I think the piece is quite self-explanatory on many levels, but I do want to put it into context and share a few thoughts with you. I had just finished reading a book on Food Sovereignty (Food Sovereignty: Connecting Food, Nature & Community, edited by Annette Demarais, Nettie Wiebe, and Hannah Wittman...I can highly recommend it to anyone interested in food production) in connection with my research topic about the deforestation in Paraguay to make space for agricultural expansion. Food Sovereignty is a concept that wants peasants and their countries to take back the right to rely on and grow local food (see movements like La Vía Campesina). In some parts of Paraguay, for example, there are green deserts of soy plantations that continue to displace peasants and rural populations through land grabs. Rather than helping world hunger as the agribusinesses like to claim they do, international corporations grow soy for biofuels and fodder for meat production in the first world, but the product does not serve the population of Paraguay as a food source. It is solely used for export. Instead, the large scale agribusiness displaces many peasants from their land and they most often end up in the capital's slums without any access to growing food, increasing the world's hunger problem.
This is a greatly simplified version of a very complex issue. With my work I try to portray visually the crushing presence of the corporation and the displacement of the people. With a deeply etched copper plate of a screen printed mechanical soy plant pattern, I force the soy pattern onto the damp paper with a blind embossment (see detail below). I'm not sure yet if this is the final version of the piece, but this is more or less how I envisioned it. I still struggle between planning and experimenting more freely. Now that the plan is in place, it is time to experiment more.
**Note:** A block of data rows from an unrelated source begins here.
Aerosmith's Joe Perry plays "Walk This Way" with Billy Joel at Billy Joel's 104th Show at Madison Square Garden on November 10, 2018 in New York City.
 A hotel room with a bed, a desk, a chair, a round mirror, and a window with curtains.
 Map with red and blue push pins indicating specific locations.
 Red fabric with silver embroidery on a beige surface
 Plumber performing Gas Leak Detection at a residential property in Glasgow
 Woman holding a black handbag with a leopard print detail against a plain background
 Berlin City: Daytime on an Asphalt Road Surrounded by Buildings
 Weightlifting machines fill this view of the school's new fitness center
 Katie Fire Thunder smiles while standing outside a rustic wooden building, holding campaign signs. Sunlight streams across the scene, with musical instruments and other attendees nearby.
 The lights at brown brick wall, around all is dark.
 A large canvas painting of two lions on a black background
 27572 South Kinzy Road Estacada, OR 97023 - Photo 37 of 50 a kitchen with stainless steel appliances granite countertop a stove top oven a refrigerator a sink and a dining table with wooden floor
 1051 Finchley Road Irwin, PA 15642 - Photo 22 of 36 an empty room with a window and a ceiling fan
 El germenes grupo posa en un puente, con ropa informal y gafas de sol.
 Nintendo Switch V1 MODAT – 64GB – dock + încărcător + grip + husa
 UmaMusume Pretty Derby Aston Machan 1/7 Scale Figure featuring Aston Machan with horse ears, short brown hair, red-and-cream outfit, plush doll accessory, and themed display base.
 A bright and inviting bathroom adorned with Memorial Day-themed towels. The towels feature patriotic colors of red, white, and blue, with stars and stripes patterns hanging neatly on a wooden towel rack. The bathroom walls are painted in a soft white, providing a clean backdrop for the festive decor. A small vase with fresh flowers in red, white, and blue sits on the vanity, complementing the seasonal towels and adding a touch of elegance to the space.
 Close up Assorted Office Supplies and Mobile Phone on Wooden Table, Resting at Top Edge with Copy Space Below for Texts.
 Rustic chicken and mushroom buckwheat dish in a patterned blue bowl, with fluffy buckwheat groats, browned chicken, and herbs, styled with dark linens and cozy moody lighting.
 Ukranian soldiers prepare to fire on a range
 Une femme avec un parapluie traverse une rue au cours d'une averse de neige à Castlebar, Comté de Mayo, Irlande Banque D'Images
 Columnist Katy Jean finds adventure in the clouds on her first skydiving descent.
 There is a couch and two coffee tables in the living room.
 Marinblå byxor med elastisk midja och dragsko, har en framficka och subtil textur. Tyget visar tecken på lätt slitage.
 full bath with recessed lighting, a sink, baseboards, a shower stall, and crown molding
3rd International Printmaking Symposium - Kloster Bentlage























In mid November I had the opportunity to go to the 3rd International Printmaking Symposium at the Kloster Bentlage in Germany. Bentlage is a former monastery that is now cultural centre, art gallery and printmaking studio. I spent four highly interesting and pleasant days there, meeting many wonderful printmakers from around the world, showing my new work during an open portfolio, attending lectures, touring museums, art schools, and exhibitions. It was an amazing getaway in the middle of the semester, but my work production has suffered a bit, especially since I added two weeks of personal travel time to see family in Germany. But it was totally worth it!



Sunday, September 27, 2015

Studies - Finished






















About two weeks ago I finished the studies I had experimented with all summer. At some point I thought they might just stay in the 'sketch' stage, but after all the work I put into the experiments, I was hoping to get a few finished pieces out of all the plates I etched and I'm happy I did. I got six different successful compositions with the image elements I used. The layering of imagery is still quite challenging for me, but I also got some unpredictable results with the interaction of figures and forest, for example, that create an interesting relationship between the two. I played with imagery of the disappearing forests in Paraguay, the idea of enclosure and private property through the building of fences, people's displacement through large land grabs, cut off pathways and separations. My general topic is still the changing landscapes in the Paraguayan Chaco due to growth, expansion and destruction in the area.
I haven't titled any of the prints yet, so at this point I call them studies. The top three are 45.5cm 45.5cm each and the bottom three are 30cm x 30cm. (They work better horizontally, hanging side by side because they create a kind of continuity rather than being displayed in this vertical format. Click on one image to enlarge and view as slideshow).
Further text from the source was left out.